Africa – Ciad, nessuna prospettiva di dialogo tra Giunta militari e ribelli

Il Consiglio militare di Transizione (CMT), il 25 aprile, ha annunciato di non aver alcuna intenzione di avviare un negoziato di pace con il gruppo ribelle Front pour l’Alternance et la Concorde au Tchad (FACT), ritenuto responsabile della morte del presidente Idriss Déby durante l’attacco armato del 20 aprile scorso.
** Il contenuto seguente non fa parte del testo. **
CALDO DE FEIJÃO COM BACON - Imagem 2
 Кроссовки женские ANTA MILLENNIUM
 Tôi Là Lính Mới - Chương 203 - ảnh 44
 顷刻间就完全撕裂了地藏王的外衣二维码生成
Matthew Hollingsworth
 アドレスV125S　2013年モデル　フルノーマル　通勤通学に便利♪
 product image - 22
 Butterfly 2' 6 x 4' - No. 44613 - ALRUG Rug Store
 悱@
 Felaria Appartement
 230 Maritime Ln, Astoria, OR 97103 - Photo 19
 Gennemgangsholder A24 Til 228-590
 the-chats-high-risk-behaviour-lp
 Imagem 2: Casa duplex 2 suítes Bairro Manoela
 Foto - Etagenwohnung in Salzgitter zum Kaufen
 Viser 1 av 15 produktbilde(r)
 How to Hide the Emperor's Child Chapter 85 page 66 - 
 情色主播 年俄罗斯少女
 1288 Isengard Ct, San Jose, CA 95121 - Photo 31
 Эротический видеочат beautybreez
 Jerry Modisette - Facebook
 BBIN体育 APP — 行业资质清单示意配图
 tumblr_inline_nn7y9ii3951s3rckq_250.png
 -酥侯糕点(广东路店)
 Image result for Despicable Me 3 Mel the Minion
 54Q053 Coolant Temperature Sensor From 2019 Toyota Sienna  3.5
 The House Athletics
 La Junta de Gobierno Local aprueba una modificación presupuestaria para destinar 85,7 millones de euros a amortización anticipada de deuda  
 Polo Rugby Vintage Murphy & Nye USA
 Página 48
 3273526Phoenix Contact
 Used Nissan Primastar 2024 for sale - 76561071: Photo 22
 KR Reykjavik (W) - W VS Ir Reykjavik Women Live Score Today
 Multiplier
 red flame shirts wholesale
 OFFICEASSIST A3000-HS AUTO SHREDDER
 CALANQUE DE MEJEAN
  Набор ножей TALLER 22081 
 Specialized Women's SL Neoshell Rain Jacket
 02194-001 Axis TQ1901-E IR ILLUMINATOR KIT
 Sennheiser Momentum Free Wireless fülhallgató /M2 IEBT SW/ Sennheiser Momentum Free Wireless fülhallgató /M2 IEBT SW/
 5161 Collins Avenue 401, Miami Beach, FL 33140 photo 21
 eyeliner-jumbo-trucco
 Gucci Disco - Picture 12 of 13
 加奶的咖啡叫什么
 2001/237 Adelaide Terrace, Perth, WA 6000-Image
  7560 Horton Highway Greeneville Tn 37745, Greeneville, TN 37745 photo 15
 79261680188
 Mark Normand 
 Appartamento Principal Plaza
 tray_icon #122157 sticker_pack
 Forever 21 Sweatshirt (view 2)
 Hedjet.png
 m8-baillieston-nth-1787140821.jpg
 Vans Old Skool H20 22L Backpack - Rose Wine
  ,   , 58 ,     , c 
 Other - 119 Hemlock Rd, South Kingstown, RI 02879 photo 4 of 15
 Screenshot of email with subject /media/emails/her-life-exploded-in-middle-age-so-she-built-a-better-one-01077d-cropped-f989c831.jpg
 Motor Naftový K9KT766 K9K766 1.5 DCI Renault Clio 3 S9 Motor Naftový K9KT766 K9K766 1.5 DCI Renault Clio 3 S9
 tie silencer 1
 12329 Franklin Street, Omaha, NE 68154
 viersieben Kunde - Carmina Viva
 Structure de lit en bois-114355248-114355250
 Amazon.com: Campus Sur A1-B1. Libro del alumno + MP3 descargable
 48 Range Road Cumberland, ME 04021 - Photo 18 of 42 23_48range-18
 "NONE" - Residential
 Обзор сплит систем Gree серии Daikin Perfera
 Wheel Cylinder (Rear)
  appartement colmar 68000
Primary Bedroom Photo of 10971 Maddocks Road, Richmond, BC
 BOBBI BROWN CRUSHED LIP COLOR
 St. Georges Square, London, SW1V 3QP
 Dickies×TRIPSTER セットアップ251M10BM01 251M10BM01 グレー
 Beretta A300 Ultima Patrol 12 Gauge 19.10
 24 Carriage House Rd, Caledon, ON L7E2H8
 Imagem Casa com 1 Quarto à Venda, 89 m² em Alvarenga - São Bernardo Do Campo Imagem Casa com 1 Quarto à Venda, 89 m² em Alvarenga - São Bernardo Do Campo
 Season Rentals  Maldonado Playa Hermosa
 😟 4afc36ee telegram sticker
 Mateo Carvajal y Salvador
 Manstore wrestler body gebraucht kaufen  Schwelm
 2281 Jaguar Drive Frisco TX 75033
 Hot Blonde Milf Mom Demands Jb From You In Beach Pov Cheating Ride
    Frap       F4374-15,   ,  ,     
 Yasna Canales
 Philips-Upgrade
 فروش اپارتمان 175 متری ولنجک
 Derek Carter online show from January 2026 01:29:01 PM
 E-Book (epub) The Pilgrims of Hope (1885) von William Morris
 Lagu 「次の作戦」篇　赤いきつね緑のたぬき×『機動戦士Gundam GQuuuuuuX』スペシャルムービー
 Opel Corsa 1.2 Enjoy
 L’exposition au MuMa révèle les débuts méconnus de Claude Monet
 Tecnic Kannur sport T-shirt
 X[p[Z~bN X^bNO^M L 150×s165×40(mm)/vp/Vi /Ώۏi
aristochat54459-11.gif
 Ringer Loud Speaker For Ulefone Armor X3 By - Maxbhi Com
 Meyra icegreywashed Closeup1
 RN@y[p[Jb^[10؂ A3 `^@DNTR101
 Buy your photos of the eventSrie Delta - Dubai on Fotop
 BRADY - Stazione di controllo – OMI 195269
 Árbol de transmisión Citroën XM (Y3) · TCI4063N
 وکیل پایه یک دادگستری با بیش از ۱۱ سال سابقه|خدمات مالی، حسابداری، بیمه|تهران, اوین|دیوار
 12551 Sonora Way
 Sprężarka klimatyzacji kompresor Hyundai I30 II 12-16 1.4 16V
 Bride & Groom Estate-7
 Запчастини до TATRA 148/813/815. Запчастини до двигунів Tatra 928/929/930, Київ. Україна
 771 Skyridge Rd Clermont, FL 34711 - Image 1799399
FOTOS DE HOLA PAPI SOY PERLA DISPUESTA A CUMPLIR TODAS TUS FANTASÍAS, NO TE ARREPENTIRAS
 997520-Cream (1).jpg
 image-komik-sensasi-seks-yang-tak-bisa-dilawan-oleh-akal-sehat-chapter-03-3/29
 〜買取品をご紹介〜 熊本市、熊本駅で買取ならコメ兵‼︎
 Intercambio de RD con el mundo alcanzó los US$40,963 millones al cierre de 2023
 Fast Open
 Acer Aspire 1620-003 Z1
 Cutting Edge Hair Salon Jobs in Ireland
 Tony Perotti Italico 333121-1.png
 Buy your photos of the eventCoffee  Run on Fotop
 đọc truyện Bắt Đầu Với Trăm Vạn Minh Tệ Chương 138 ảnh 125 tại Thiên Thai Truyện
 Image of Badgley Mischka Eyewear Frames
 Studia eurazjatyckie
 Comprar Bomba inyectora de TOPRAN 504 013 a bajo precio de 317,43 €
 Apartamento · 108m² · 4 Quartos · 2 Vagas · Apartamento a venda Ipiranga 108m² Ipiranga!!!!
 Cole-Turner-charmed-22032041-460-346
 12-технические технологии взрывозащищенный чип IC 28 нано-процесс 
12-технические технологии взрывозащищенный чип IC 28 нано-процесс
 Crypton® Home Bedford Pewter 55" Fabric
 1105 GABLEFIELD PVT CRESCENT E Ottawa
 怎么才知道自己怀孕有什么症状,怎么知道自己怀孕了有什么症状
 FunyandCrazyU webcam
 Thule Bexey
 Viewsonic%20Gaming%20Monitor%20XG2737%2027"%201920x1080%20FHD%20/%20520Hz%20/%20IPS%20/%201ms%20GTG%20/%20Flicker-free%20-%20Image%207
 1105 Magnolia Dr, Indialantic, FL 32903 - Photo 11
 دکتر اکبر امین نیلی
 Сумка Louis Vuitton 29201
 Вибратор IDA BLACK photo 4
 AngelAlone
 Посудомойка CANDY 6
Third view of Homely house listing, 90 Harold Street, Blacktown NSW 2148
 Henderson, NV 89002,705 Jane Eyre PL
La Giunta golpista ha, inoltre, chiesto il supporto del Niger per catturare i ribelli, definiti “criminali di guerra” e “terroristi”. Secondo il generale Azem Bermandoa Agouma, portavoce del Consiglio militare, il FACT sta collaborando con “diversi gruppi di jihadisti e trafficanti, che hanno servito come mercenari in Libia”. In una dichiarazione televisiva, ha precisato: “di fronte a questa situazione, che mette in pericolo il Ciad e la stabilità dell’intera regione, non è il momento della mediazione o dei negoziati con i fuorilegge“. Mentre il politico Albert Pahimi Padacke veniva nominato primo ministro del Governo ad interim (26 aprile), nel Paese sono scoppiate le proteste contro il CMT.Non vogliamo che il nostro Paese diventi una monarchia”, ha detto un manifestante, “i militari devono tornare in caserma per far posto a una transizione civile”.